ONE NITE ONLY: THE PASSENGER (Michelangelo Antonioni, 1975)
Nitehawk Cinema
136 Metropolitan Ave. between Berry St. & Wythe Ave.
Tuesday, August 26, 9:30
718-384-3980
www.nitehawkcinema.com
Nominated for the Palme d’Or in Cannes in 1975, Michelangelo Antonioni’s existential suspense thriller is a fascinating character study of a lost, lonely man. Jack Nicholson stars as Locke, a successful, well-respected journalist who is researching a story on the guerrilla movement in Chad. Life isn’t as fun and exciting as it used to be for him, as witnessed by his utter helplessness after his car gets stuck in the sand. Upon returning to his hotel room, he discovers that his neighbor, Robertson (Chuck Mulvehill), is dead — and he decides to switch places with him, to stop being Locke and instead live a completely different existence. Even when he finds out that Robertson was involved in international espionage and gun running, Locke continues the deception, traveling dangerously through England, Germany, and Spain with a free-spirited young architecture student (Maria Schneider) while his wife (Jenny Runacre) and business associate (Ian Hendry) — and the police — try to find him. The Passenger is marvelously slow-paced, never in a hurry to make no point about just what the point of it all is.

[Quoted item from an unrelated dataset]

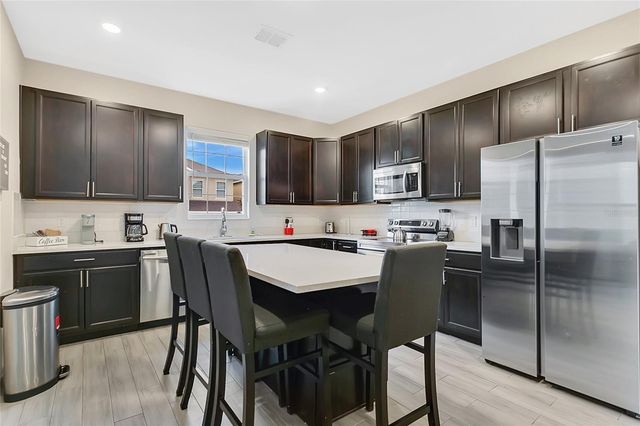 262 BELLA PRESTWICK BOULEVARD, Davenport, FL 33837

Nicholson glides through the film with an unease that is as unnerving as it is intoxicating as he struggles to find his way in life, a cinematic representative of something that is within each of us. The Passenger is screening in 35mm August 26 at 9:30 (followed by complementary Prym Rum drinks) as part of Nitehawk Cinema’s “One Nite Only” series and “Journalists in Film,” a collaboration with Vice News that continues September 30 with Billy Wilder’s Ace in the Hole and October 28 with Alan J. Pakula’s All the President’s Men.